Task → Your answer should consist solely of the lines from the one holding "Meet your Posher, Suzanne" through the final line of the entries, reproduced exactly and without pictures.

[Material provided Boundary: Start]

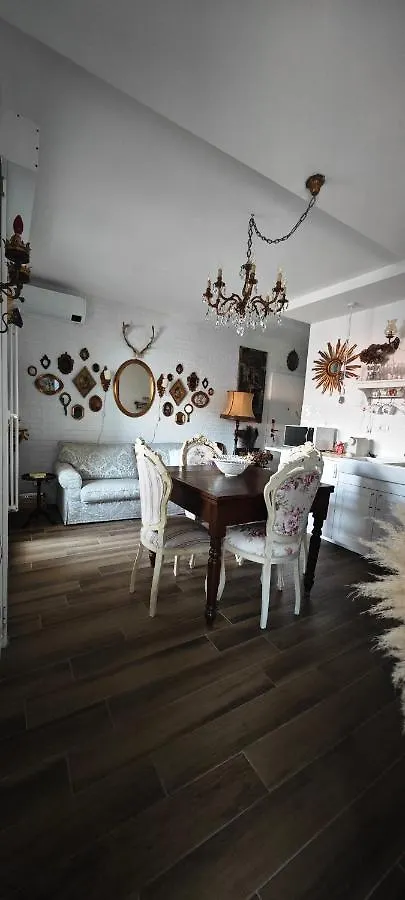 לידו די אוסטיה Vogue Home דירה לידו די אוסטיה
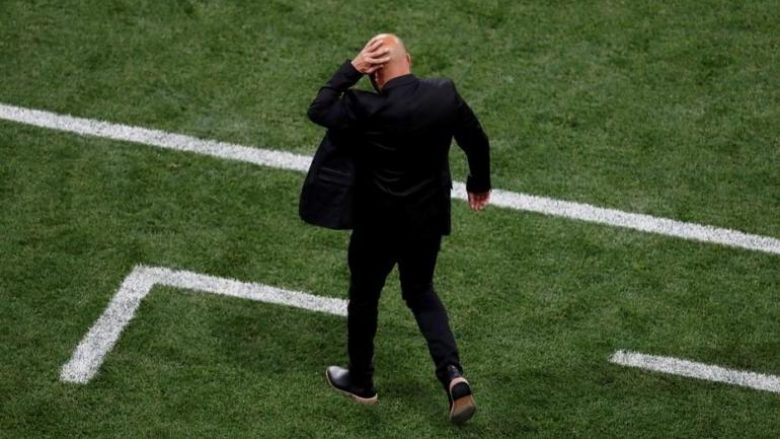 Trajneri i Argjentinës goditet nga një shishe prej tribunave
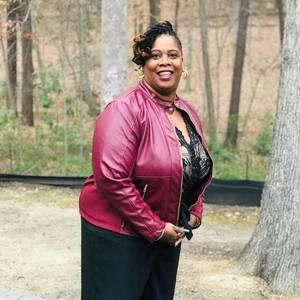 Meet your Posher, Suzanne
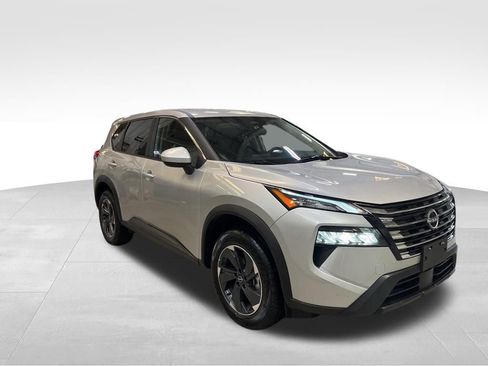 Used 2025 Nissan Rogue SV FWD image 7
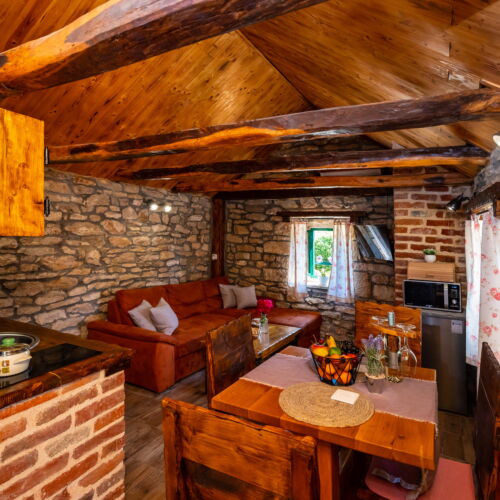 Chata (jako celek) pro 8 os.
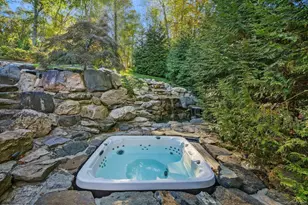 210 Red Fox Rd, Stamford, CT 06903 - Photo 23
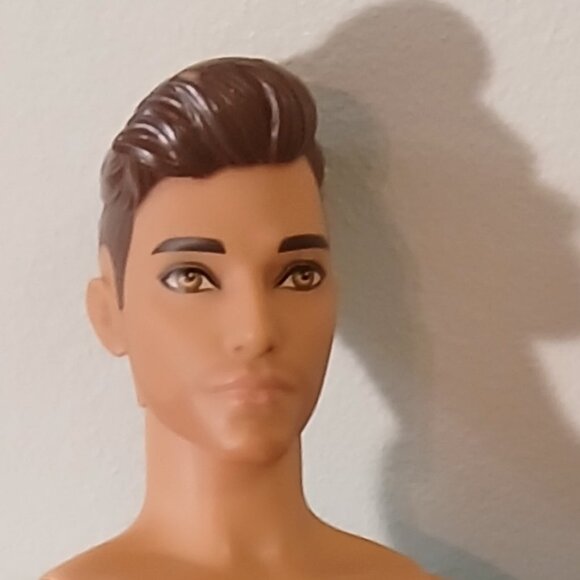 Set of 3 Barbies with pool/hot tub and extra swim trunks - Picture 7 of 8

[Material provided Boundary: End]

Answer to this task →
 Meet your Posher, Suzanne
 Used 2025 Nissan Rogue SV FWD image 7
 Chata (jako celek) pro 8 os.
 210 Red Fox Rd, Stamford, CT 06903 - Photo 23
 Set of 3 Barbies with pool/hot tub and extra swim trunks - Picture 7 of 8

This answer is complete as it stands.